Hanna Eshel

HANNA ESHEL (1926 - 2023) was a multi-disciplinary artist who began her studies at the Bezalel School of Art and served as Lieutenant of Cartography in the Israeli Air Force during the 1948 War of Independence. Eshel moved to Paris in 1952, completing advanced studies in painting and fresco at the Academic de la Grande Chaumiere and the Ecole des Beaux-Arts, where she was awarded the first prize in the Concours de France. It was during her twenty-year period in France that she created the majority of her oil paintings, paper collages, and burlap collage-paintings. During this period, she began to incorporate what could later be described as strongly feminist imagery into her work, nearly a decade before feminist art had surfaced in Europe and the United States.

As Eshel’s art grew more and more three-dimensional (many of her burlap collage-paintings contain clefts, fissures, and holes, some of which are actually double-sided works) she began to experiment with other sculpting media. Her search for a “material with soul” brought her to Carrara, Italy. A proposed two-month sojourn turned into six years—a prolific time during which she created an enormous collection of sculptural works. She learned to work with marble as the only woman member of a group of sculptors at Atelier Nicoli, where she received the Fiori Carrara prize, and through whom she met artists like Isamu Noguchi and Henry Moore.

In 1978, Eshel moved to New York City with her entire body of work and 20,000 pounds of marble, much of which had to be lifted by crane through a window of her sixth-floor NoHo loft. While in Paris, Eshel had shown notably often for a woman at the time. However, she came to find the New York art scene frustrating, and, with the exception of a few shows, she lost the desire to promote her art. Instead, Eshel spent the next thirty years quietly and devotedly sculpting, painting, photographing, and collaging inside the loft. Drawing inspiration from art history and ancient civilizations, Eshel’s art was out of step with current trends; rather, it spoke to something much more universal, through strong, elemental forms and meticulous breaks and textures.

In 2012, Eshel posted an ad for a roommate on Craigslist. Quinn Luke, an art consultant, answered and discovered the artist’s whole oeuvre cohabiting with minimal furniture and large plants inside her bright white, 2,500-square-foot loft.
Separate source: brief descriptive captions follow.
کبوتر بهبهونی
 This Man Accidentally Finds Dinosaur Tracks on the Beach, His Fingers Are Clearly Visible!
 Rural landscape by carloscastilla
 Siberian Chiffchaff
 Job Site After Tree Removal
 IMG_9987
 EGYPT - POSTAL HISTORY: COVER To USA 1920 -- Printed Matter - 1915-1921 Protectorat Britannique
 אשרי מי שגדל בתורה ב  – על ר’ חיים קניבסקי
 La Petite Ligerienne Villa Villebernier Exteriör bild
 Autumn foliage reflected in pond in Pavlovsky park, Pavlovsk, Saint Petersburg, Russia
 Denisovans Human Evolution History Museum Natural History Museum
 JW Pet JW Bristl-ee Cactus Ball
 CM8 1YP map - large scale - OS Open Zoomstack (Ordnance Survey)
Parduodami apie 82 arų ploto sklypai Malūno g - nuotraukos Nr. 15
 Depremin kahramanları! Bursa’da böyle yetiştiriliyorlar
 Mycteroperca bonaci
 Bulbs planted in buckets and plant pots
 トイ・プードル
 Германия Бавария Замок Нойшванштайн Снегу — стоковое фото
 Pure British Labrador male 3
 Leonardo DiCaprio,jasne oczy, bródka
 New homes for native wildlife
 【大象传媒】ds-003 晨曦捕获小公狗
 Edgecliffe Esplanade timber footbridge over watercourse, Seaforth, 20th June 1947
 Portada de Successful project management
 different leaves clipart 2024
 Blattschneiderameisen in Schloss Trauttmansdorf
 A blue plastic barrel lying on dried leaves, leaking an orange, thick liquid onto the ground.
He quickly introduced her to Patrick Parrish (who now represents the estate), who was amazed to find a complete body of work still in the artist’s studio, virtually untouched, with hundreds of paintings still in the original shipping boxes from her journey from Paris to New York in 1978. A flurry of media attention accompanied her first formal New York solo exhibition at Parrish’s Mondo Cane Gallery, including major stories in The New York Times, 1stdibs Introspective Magazine, and Sight Unseen.